The online newspaper The Daily Beast (which owes its name to a fictional newspaper in Scoop) recently ran a story by James Kirchick entitled “The Brit Grifters and the Designated American Suckers.” This suggests a history of British residents whose careers have hit a wall in their homeland and who move to the USA where they set themselves up as experts of one kind or another. In the USA, they manage to succeed, at least for a time, thanks to American gullibility. Current examples of this type of career transfer, according to The Beast, include Louise Mensch, Milo Yiannopolis, Piers Morgan, and Sebastian Gorka.

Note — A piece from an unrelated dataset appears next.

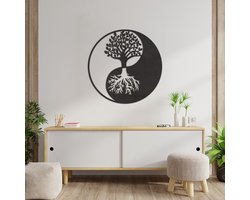 Wanddecoratie Yin Yang Levensboom - Muurdecoratie Levensboom - Muurdecoratie Hout - Wanddecoratie Hout - Muurdecoratie Woonkamer - Wanddecoratie Woonkamer - Wanddecoratie Industrieel - Wanddecoratie Dieren - Home Decor - Wall Line Art - 59 x 59 cm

The Beast then notes a long literary tradition of this type of transatlantic career move starting with The King and The Duke in Huckleberry Finn and continuing with the shady young Englishmen hanging around Jay Gatsby’s crowd in Fitzgerald’s novel. More recently, examples have appeared in films such as Arthur and Dirty Rotten Scoundrels, where the phonies were played by Dudley Moore and Michael Caine, respectively. Perhaps another example might be the hired gunman Butler in Robert Altman’s 1971 film McCabe and Mrs Miller. Although we don’t know his back story, his accent would suggest that he may have occupied a more exalted position in England, at least for a time. Waugh also made a contribution to this literary stereotype:
Evelyn Waugh’s comedic novella The Loved One, a devilish satire of English expatriates in Hollywood, featured the character Dennis Barlow, a poet and failed screenwriter who winds up working at a pet cemetery. In his attempts to court a young cosmetician, Barlow frequently peppers his speech with quotations from Tennyson and Poe while pretending that the verse is his own.
That’s a good point but Dennis can hardly be said to have achieved the level of success of the recent British grifters cited in The Beast. Indeed, Dennis ended up cremating his loved one at the pet cemetery after she ditched him, before going back to Blighty with his tail rather between his legs than wagging.